Entries shown —
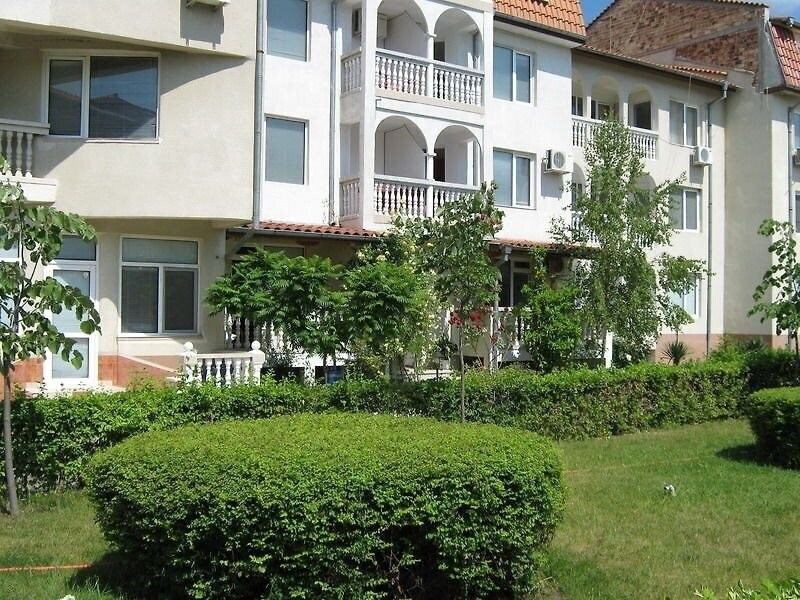 Апартаменты Aparthotel Bravo 3*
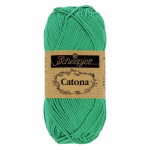 La palette verts foncés du Scheepjes Catona regroupe 14 coloris harmonieux dans un coton mercerisé doux, brillant et certifié EN71-3. Disponible en trois grammages — 50g, 25g et 10g — pour t'adapter à tous tes projets, du grand ouvrage aux petites touches multicolores.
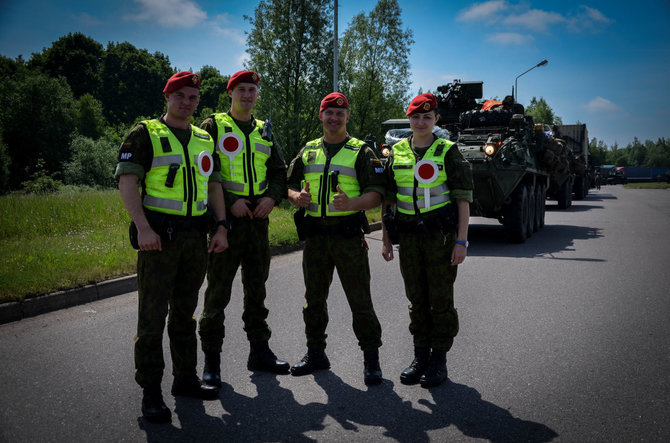 Beatričės Bankauskaitės nuotr./Kelionė 30-ties karinių automobilių virtinėje – žvilgsnis į karo policijos kasdienybę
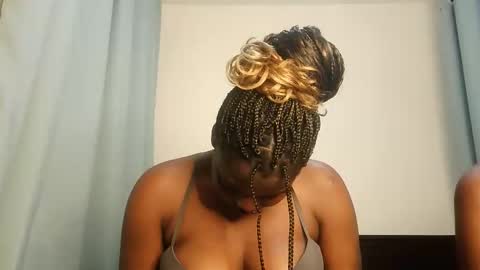 Lola online show from 11-07-25, 08:09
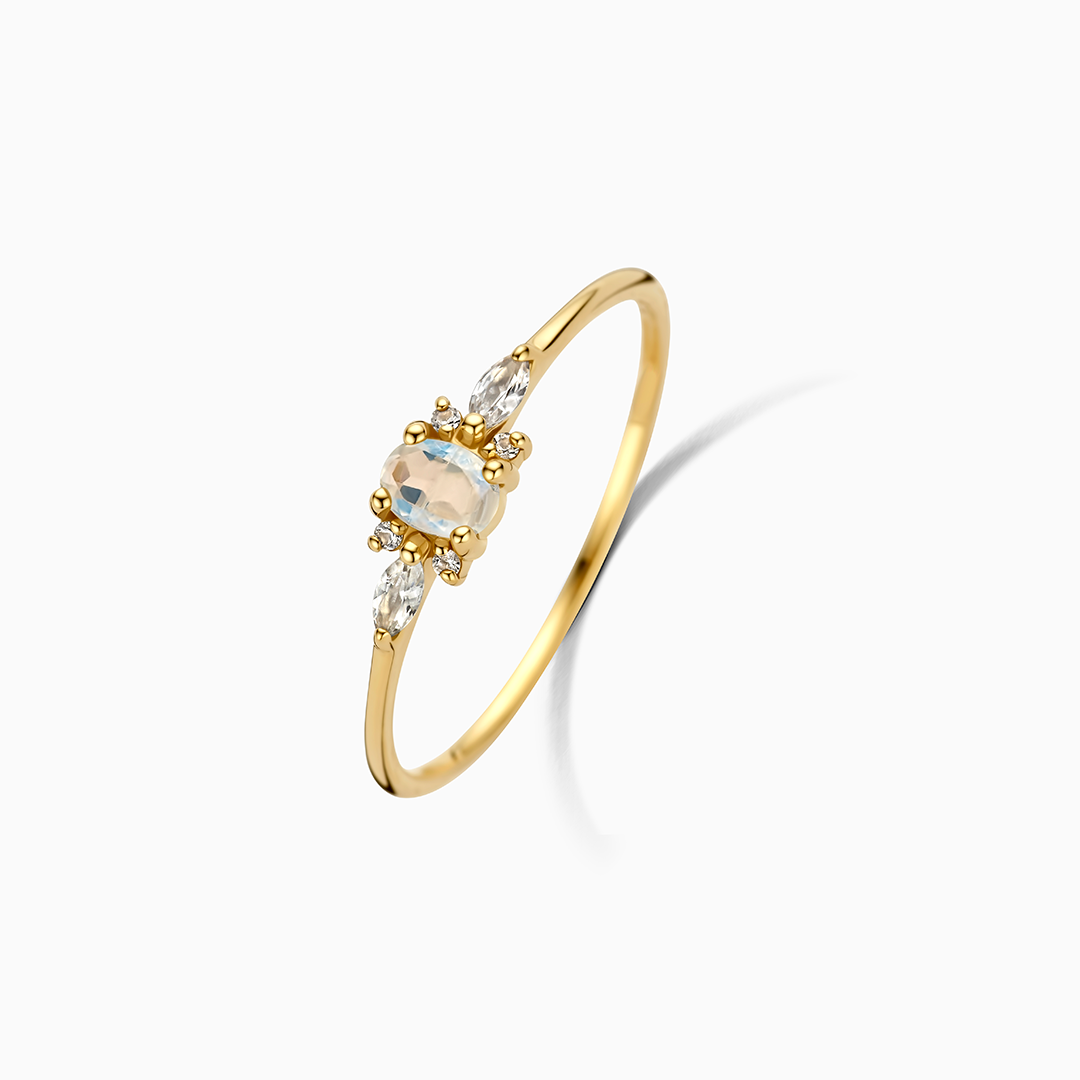 Clara | Violet Diamond Ring 18k Gold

Problem to solve —
Give an exact copy of the data, and omit any pictures it holds.

Exercise answer —
 Апартаменты Aparthotel Bravo 3*
 La palette verts foncés du Scheepjes Catona regroupe 14 coloris harmonieux dans un coton mercerisé doux, brillant et certifié EN71-3. Disponible en trois grammages — 50g, 25g et 10g — pour t'adapter à tous tes projets, du grand ouvrage aux petites touches multicolores.
 Beatričės Bankauskaitės nuotr./Kelionė 30-ties karinių automobilių virtinėje – žvilgsnis į karo policijos kasdienybę
 Lola online show from 11-07-25, 08:09
 Clara | Violet Diamond Ring 18k Gold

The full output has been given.